Lasse de contempler les tableaux, je retournai m’asseoir sur le rebord de la fenêtre et m’amusai à regarder les gens qui passaient dans les escaliers, me demandant à nouveau pourquoi les jumelles s’étaient cachées derrière un arbuste comme des voleuses. Elles étaient vraiment très bizarres. Peut-être étaient-elles seulement en train de jouer le rôle de quelques aventurières au milieu d’une forêt remplie d’orcs, comment savoir ?
Je ne sais où mes pensées s’envolèrent, le fait est que lorsque le caïte réapparut, je laissai échapper un grognement appréhensif.
— Shaedra Ucrinalm —prononça le caïte en me regardant étrangement.
Je me laissai promptement glisser sur le sol.
— C’est moi.
Je le suivis à l’intérieur, jetant un dernier regard à l’humaine, qui m’observait avec des yeux agrandis par la nervosité. Elle semblait être au bord d’une crise de nerfs.
L’amphithéâtre était grand, avec plusieurs centaines de sièges en bois. Au fond, en bas, les membres du conseil étaient assis à une énorme table et, derrière, se trouvait une porte vitrée qui donnait sur une terrasse et sur la mer.
— Par ici —me guida le caïte impatient, en me signalant les escaliers.

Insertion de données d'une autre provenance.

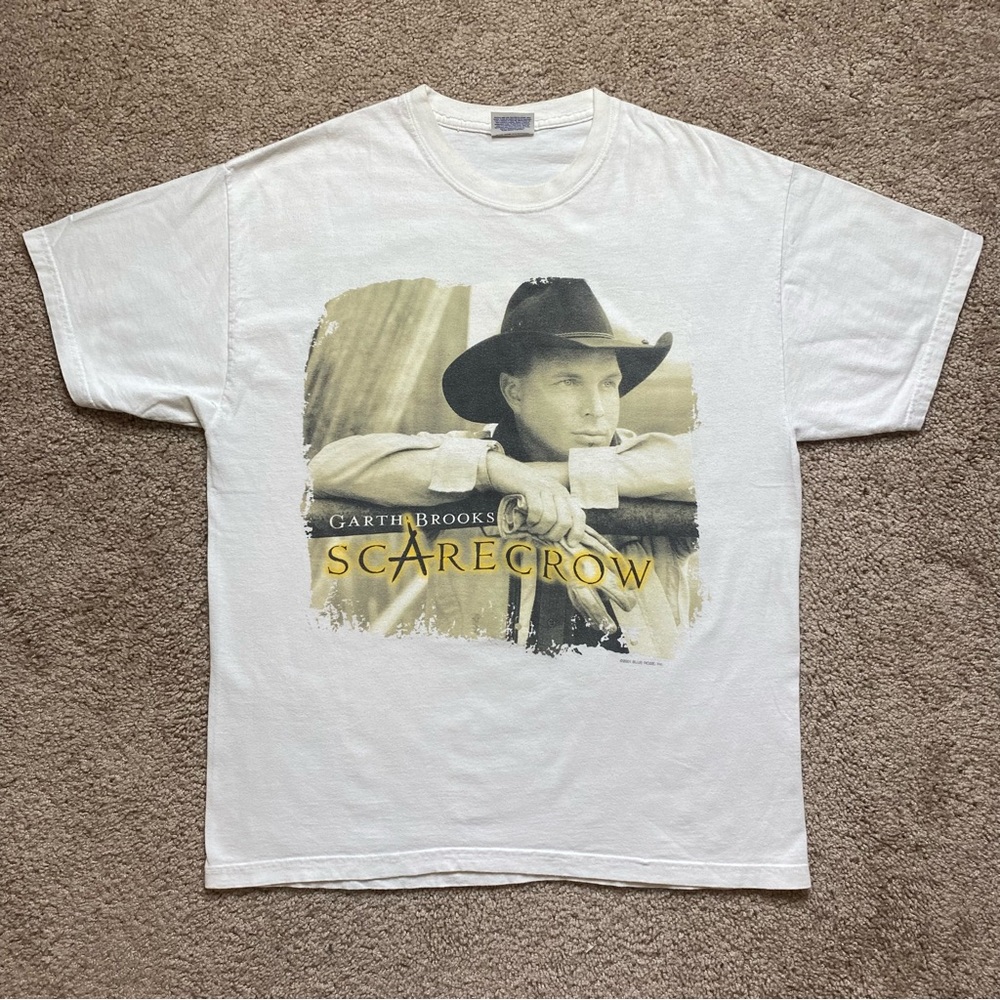 Garth Brooks Scarecrow 2001 Double Sided Tour Shirt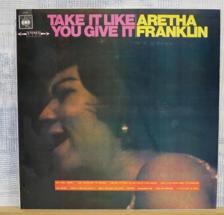 Tumnagel för auktion "ARETHA FRANKLIN ::TAKE IT LIKE YOU GIVE IT (LP)  Italy press"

Tout en descendant les marches, j’examinai les professeurs du conseil. Ils étaient cinq. Celle du milieu était une elfocane, vêtue d’une tunique rouge, qui se distinguait par sa taille et sa pâleur. À côté d’elle, se tenait un sibilien aux cheveux et aux yeux bleus et à la classique peau grisâtre. Sur sa gauche, se trouvait une elfe noire et, de l’autre côté, un elfe noir à l’aspect différent de ceux que je connaissais. Sur sa droite, un ternian aux cheveux blancs et aux yeux plissés m’observait tranquillement. J’arrivai en bas et je me plaçai devant le conseil, avec une certaine appréhension.
— Bonjour —leur dis-je.
Ils me saluèrent tous avec affabilité, ce qui me tranquillisa considérablement. L’elfocane se racla la gorge.
— Shaedra Ucrinalm Hareldyn, c’est ton nom complet, n’est-ce pas ?
— Oui.
— Ce nom me dit quelque chose. Si je me souviens bien, nous avons déjà deux étudiants portant ce nom dans notre académie, n’est-ce pas ?
— Effectivement —répondit le sibilien, avec jovialité—. Je les ai tous les deux comme élèves. Des jeunes gens charmants.
— Ah, oui —dit l’elfe noir en m’observant tranquillement—. Ce sont les protégés de Marévor Helith.
Son expression me fit tressaillir. Ces professeurs savaient donc parfaitement que mon frère, ma sœur et moi ne provenions d’aucune riche famille au pied des montagnes des Hordes. C’était bon à savoir.
— Bien —dit l’elfocane, en se tournant de nouveau vers moi—. Pour quelles raisons souhaites-tu étudier à l’académie de Dathrun ?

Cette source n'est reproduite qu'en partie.